# Dash speaker in 1966 Goat



## Lawddog (Jan 2, 2020)

Hey fellas, 
So i purchased the Dash speaker set up from vintage auto (two 3 1/2 speakers in a abs plastic mount), and swapped out the basic speakers with some that will sound alot better, but i have no idea how to install the thing. Does anyone have any experience with installing the speaker in the dash? Here is what the mount looks like. 

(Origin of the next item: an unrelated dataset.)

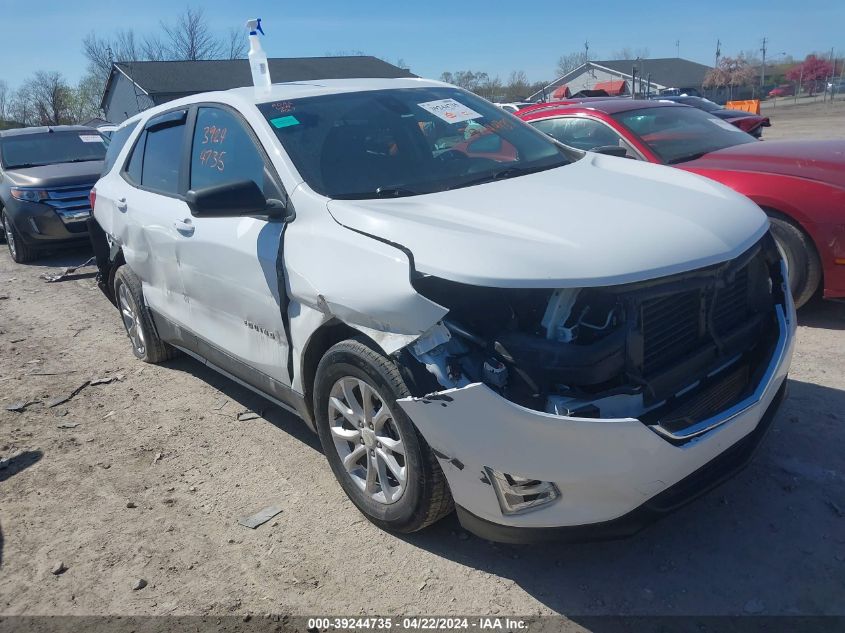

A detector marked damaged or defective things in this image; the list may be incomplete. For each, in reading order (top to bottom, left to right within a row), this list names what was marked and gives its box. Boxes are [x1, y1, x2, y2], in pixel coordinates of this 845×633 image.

damaged white suv [89, 78, 796, 544]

Any advice is appreciated, 

V/r Jason


----------



## GTOJUNIOR (Aug 7, 2011)

Looks to me like you just need to remove the factory speaker and support brackets.
The bracket on the new twin speaker seems to be set up to use the same factory screws/holes.


----------



## Droach6498 (Nov 1, 2020)

Is there somewhere to buy a new speaker for the dash that will fit cofrrectly? Mine is shot. 65 goat, but looks to be the same oval speaker


----------



## Jetzster (Jan 18, 2020)

This place  Electro-Tek clames to have the best 10 ohm single coil GM 4 x 10 For the front dash,
I would ,with no doubt, buy theirs the next time, it also comes a proper and era-correct cloth dust mesh across the cone and about the same $ as Ames

I also added an 8 ohm 6x9 in the rear with an OEM reverb and switch, with no issues

i prev bought the front 10 ohm 4 x10 one Ames sells, it was ok ,
but I was not impressed much with its sound or quality,& no dust screen, but you could get theirs too

the thing that’s important
Is if you keep the OEM AM radio in there ,
is that it’s always got to have a speaker(s) with 10 ohm impedances
but you ‘can get by with an 8 ohm one if that’s all you can find ,
there’s usually a a ‘20% allowance’ rule in electronic components , that let’s you get away with that,

some of the newer aftermarket ‘dualCone’ ones offered out there often are 4 ohm, that’s No prob as long as you change out the radio to a modern unit
just remember 4 ohm speakers front or rear would damage the old OEM radios quick


----------



## Lawddog (Jan 2, 2020)

Droach6498 said:


> Is there somewhere to buy a new speaker for the dash that will fit cofrrectly? Mine is shot. 65 goat, but looks to be the same oval speaker


I would try OPGI.


----------



## Droach6498 (Nov 1, 2020)

Yeh Im not terribly impressed with Ames the Dougs headers I just got had to have extra work on them. I know it was Ames but Im very dissapointed, with all the reccomendations of Dougs, I should have do RA instead would hve been way less.OK Ill try OPGI


----------



## O52 (Jan 27, 2019)

Turnswitch is one of the better vendors for factory radios and speakers



Electro-Tech Services Page


----------



## Droach6498 (Nov 1, 2020)

Has anyone removed the dash speaker without removing the dash, is it possible? I removed the radio, all the switches and ducting are right there looks maybe doable not sure before I get to into it if its even possible to slide it out. Ive got big hands so its really hard to get up in there.


----------



## GTOJUNIOR (Aug 7, 2011)

As outlined in your 1966 Factory Chassis Manual, Remove the Radio, Center Defrost Duct and this will give you access to the Speaker and Support hardware.


----------



## Droach6498 (Nov 1, 2020)

OK it didnt look like it comes out ez as it was rebuilt and looks like they glued it together or silicone 
Thanks


----------



## Jetzster (Jan 18, 2020)

Droach just Borrow a kid to help take it out ,
They got small hands ☺


----------



## Droach6498 (Nov 1, 2020)

Yeh maybe so good idea


----------



## GTOJUNIOR (Aug 7, 2011)

The center Y duct is only held by one bottom and 4 upper screws from the factory, but it is possible the previous owner did something goofy.
I've seen everything from duct tape to silicone caulk


----------



## Red Skeleton (Jul 2, 2019)

Seems Turnswitch may be out of business as I can't get a hold of them phone or email? Classic Car Speakers


----------